Mr. Sidgmore, who tops the list of high-flyers who have changed jobs recently (three in 18 months, all due to mergers and acquisitions), considers the leap to new technologies almost essential to meet the challenges--and opportunities--in store for the telecommunications industry.
WorldCom is currently the fourth largest carrier in the U.S., with a growth rate of 33 percent. That growth is largely due to a carefully orchestrated series of mergers and acquisitions that center on new opportunities, with a big focus on the Internet market.
In 1996 WorldCom acquired Uunet Technology, the company that Mr. Sidgmore founded, the world's largest Internet service provider with 1,110 POPs worldwide.
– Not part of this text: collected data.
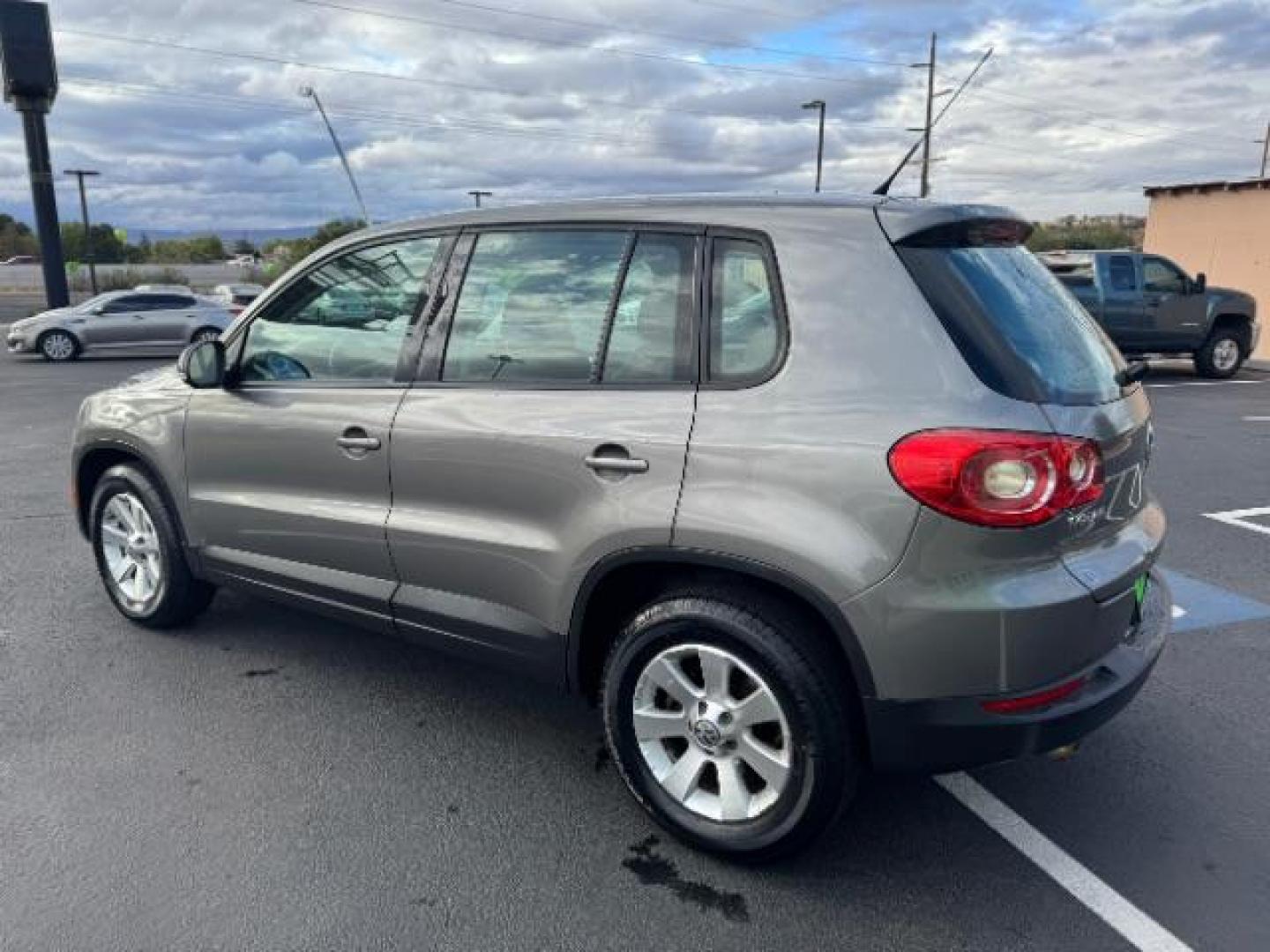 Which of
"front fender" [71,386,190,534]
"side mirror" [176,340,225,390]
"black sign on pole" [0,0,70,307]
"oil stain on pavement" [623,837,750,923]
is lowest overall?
"oil stain on pavement" [623,837,750,923]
In September 1997, WorldCom gobbled CompuServe. CompuServe offered the network integration skills that WorldCom lacked, and should generate an additional $1 billion in revenues.
MCI was courted and acquired last year, also for its network integration skills, along with its international reach and capacity. MCI will help triple WorldCom's revenue and add an enormous global presence. The addition of MCI, said Mr. Sidgmore, will double WorldCom's fiber network miles to 45,000, to accelerate local deployment in cities by two years. It will also enable WorldCom to reach more than 70 percent of the business community.
All this adds up to a core ISV attached to a telecommunications provider that controls the network, and one that is highly successful, said Mr. Sidgmore.
Ellen Carney, a telecom analyst at Dataquest agrees. She believes the combination of the two companies' strengths will be a formidable one, and, in spite of noises industry watchers have been making about the difficulties of integrating two very different cultures, she predicts mostly smooth sailing for the months ahead as the combined entities negotiate themselves around the obstacles--both cultural and political--the companies are currently facing as they pair off.
Cultural differences may not be WorldCom's biggest problem as it swallows MCI. Its marketing shortcomings may cause more difficulties.
Prior to its acquisitions' feast, WorldCom had made some inroads into the international market. Because of its small size at the time, PTT's did not feel threatened. "We were considered 'wee little guys,' and were willing to be used," Mr. Sidgmore recalls.
After 10 years in the business, WorldCom tripled its capacity, doubled its network, and grew its Internet backbone ten-fold. That strength has competitors and regulators concerned. The company also took on new wave definition and multiplexing technologies.
Today, Mr. Sidgmore boasts, the company has the largest undersea cable system in the North Atlantic, the first fiber system of its type in Europe, and the only seamless long-distance system on the continent, connecting London, Paris, Brussels, Amsterdam and Frankfurt.
Looking ahead, WorldCom's hopes for new technologies including cheaper SONET technology, more capacity multiplexing, and better hardware at the end point.
"New, young, brash start-ups will change the fabric," he said, "Companies that are agile and aggressive." Ms. Carney noted the much more conflicting personalities of BT and MCI, adding that WorldCom's acquisitions had historically been integrated very quickly. "But," she said, "WorldCom is calling the shots here, and may take a steamroller approach. WorldCom's CEO doesn't let much stand in his way."
But WorldCom's CEO also knows he needs to keep key management. One thing MCI clearly has to offer that WorldCom lacks, she said, is its marketing savvy. WorldCom would be smart, she said, to learn some good marketing lessons from MCI.